Coffee, meanwhile, is an interesting and challenging ingredient for brewers to work with. A number of styles of beer, particularly porters and stouts, would seem to lend themselves to the addition of coffee, since they share similar flavors. But coffee (and similarly, cocoa) contain oils, most notably caffeol (which is primarily responsible for coffee's aroma and flavor), the oxidation of which can cause them to go rancid. (I've haven't myself used coffee in beer, but it's something I'd like to try, if I can find a good method.)
Kriek is lambic with cherries added. The beer itself is usually a Belgian lambic, which is a fairly light-colored and flavored beer. In some cases, kriek is made by adding a cherry syrup to a lambic, which can be a bit cloying. The more traditional method is to add cherries, with their attendant load of wild yeast, to the fermenter.
Spontankriek is clearly the latter sort. It's puckery tart, the sour cherry flavor mixing seemlessly with the sour beer. If you like sour cherries or sour beer, you're going to love this. 7.7% ABV.
Having thoroughly enjoyed the Spontankriek I was really looking forward to the Spontankoppi. But I have to say, I think the first word out of my mouth was... "ouch." I don't know how they got the coffee into the beer, but it was extremely strong and bitter, like the strongest cup of black coffee you've ever had, and then some. (Admittedly, I like my coffee strong, like barely fit for human consumption, but with lots of milk and sugar.) The sour beer was reduced to almost a footnote. If you get off on really strong black coffee, you might enjoy this, but I didn't. 5.3% ABV.

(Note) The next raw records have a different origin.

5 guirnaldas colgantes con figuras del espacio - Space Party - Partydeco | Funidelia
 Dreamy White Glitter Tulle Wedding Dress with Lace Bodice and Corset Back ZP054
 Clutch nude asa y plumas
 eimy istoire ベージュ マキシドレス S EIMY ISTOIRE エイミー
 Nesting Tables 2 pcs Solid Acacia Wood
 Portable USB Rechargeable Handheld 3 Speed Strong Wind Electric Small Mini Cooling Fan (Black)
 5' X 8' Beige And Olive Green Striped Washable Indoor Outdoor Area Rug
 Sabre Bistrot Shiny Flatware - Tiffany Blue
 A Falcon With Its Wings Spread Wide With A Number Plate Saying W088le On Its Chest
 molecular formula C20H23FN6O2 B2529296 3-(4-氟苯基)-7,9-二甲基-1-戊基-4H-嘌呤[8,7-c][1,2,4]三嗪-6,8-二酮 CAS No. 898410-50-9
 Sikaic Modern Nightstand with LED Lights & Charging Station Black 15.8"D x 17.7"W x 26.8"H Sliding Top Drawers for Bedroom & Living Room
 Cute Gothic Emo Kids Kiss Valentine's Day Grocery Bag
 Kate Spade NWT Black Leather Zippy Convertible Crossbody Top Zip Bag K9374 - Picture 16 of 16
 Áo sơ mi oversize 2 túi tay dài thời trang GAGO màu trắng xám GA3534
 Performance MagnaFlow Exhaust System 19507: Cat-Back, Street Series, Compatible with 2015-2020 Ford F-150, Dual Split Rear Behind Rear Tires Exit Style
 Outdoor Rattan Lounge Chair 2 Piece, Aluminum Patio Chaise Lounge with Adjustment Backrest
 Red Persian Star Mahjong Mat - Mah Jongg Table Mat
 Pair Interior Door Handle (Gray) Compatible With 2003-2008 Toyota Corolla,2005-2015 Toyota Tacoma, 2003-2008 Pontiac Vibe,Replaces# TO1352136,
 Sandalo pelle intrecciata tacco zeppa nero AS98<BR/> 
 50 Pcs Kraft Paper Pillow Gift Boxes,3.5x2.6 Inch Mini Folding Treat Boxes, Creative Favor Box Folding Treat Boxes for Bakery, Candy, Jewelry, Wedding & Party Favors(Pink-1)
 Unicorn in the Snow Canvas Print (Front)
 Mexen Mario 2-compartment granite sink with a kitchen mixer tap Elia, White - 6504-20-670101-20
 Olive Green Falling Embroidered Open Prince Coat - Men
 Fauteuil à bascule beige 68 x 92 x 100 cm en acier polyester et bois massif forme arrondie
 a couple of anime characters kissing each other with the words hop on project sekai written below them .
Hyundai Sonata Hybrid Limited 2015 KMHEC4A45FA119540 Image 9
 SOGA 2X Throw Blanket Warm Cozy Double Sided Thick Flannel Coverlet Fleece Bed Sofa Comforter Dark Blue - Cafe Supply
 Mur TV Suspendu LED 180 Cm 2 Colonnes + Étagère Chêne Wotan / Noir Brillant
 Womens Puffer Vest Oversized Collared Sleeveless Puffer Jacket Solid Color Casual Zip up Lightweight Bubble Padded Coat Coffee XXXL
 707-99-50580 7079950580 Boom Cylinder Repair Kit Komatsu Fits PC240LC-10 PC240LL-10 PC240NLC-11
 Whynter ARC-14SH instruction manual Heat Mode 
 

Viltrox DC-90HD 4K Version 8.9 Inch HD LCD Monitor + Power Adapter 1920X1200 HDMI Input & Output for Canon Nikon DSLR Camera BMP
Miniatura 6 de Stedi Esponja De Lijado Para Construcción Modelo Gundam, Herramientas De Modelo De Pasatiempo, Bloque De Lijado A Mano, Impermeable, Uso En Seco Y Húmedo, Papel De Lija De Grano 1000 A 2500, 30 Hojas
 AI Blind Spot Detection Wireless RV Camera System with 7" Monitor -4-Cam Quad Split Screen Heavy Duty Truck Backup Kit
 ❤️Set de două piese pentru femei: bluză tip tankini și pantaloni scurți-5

After the Spontankoppi, I had some trepidation about the Coffee IPA. Particularly since it came in a wine sized 750 ml bottle, so good or bad, I was going to be drinking a lot of it (Dr. P doesn't care for hoppy beers).
Fortunately, it was everything that I'd hoped the Spontankoppi would be, and more. The IPA base wasn't agressively hoppy, focusing on the citrusy and fruity notes, with a good malt backbone. The hand of the coffee was much lighter, not bitter, with toffee notes that matched the malt, and fruity notes that matched the hops, with just a hint of coffee bitterness on the finish. This was definitely the hop-head's coffee beer. 6.9% ABV.